After seizing power in 1949, China’s dictators made many disastrous decisions that resulted in millions of lives lost or ruined and enormously stunted cultural and economic development. They got away with this because they were not accountable to the people they ruled, and neither is Jiang Zemin.

Jiang ended his interview with Wallace by explaining why he had agreed to do it. He said, “I am convinced that this interview will further promote the friendship and the mutual understanding between our two peoples. That is all….I’m convinced of that. I trust America.”

Can America Trust Jiang?

That was the message that Mike Wallace transmitted for Jiang, but he failed to address the question of whether Ameri-ca can trust Jiang or whatever dictator may succeed him. Bill Gertz, the national security correspondent of The Washington Times, wrote about this in his book, “Betrayal,” published last year. He told how two American companies, Loral and Hughes, had helped China overcome problems that it was having with its Long March rocket in 2000, improving its reliability for both satellite launches and carrying nuclear warheads across the Pacific.

Gertz said the Chinese promise to use its nuclear missiles only for retaliation against a nuclear attack was shown to be hollow in 1995, when Gen. Xiong Guangkai, the deputy chief of staff for intelligence of the Chinese army, told Chas. W. Freeman, Jr., a senior official in the departments of state and defense in the Bush administration, that Taiwan was a matter of vital interest to China. He said, “We are ready to sacrifice a million people for Taiwan.” Recalling U.S. threats to use nuclear weapons to end the Korean War, the general said, “You could do that then because you knew we couldn’t retaliate. Now we can. In the end, you care a lot more about Los Angeles than you do about Taipei.” It’s too bad Mike Wallace didn’t discuss that with Jiang Zemin.

In The Washington Times of Sept. 12, Bill Gertz wrote about two reports on China, one by the staff of the Senate Foreign Relations Committee and the other by Al Santoli, national security aide to Cong. Dana Rohrabacher. The Senate report was about the persistent problem of China’s failure to honor its commitments to the U.S. not to sell nuclear and chemical weapons material and missile parts to Iran, Libya, North Korea, Syria, Iraq and Pakistan.

It discussed 42 cases of China’s sale of items ranging from nuclear components to missile technology to these countries.
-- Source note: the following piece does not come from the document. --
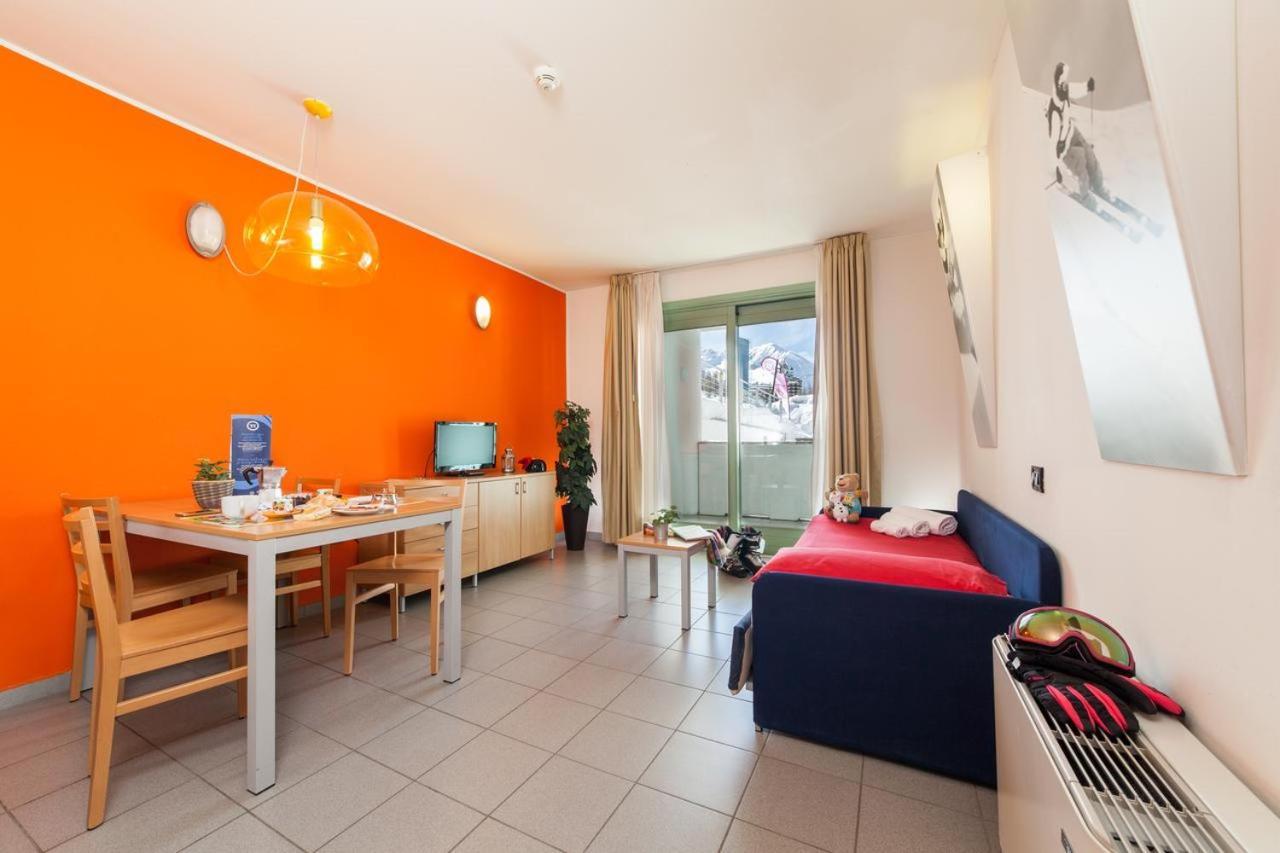 Teleo Vacanze - Villaggio Olimpico Di Colle Sestriere Zewnętrze zdjęcie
Senator Fred Thompson, sponsor of an amendment to the permanent normal trading relations with China bill that would impose sanctions on China for these sales, was quoted as saying, “They (the Chinese) are engaging in activities that pose a mortal danger to the welfare of this country.” This is another important subject Mike Wallace overlooked.
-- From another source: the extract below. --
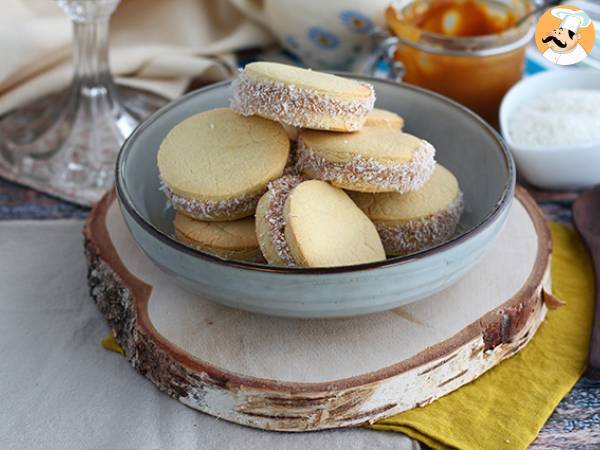 Recept Alfajores - argentinska mördegskakor med mjölksylt och kokos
The Santoli report warns that China “is showing surprising rapid advances in joint maneuvers between naval, air force, marine infantry, paratroop, armored and missile units.” It is also developing its ability “to initiate electronic and computer attacks on enemy computers and to penetrate and destabilize enemy information systems.” It warns that its tactics call for “paralyzing the high-tech strength of the United States and (its) allies through attacks on military, economic and governmental computer systems.” It said that China experimented with this against Taiwan last year, and Santoli notes that a recent air-raid drill in Shanghai could be preparation for a conflict over Taiwan. The report concludes that all this “poses an immediate threat to Taiwan’s military….and U.S. military forces.”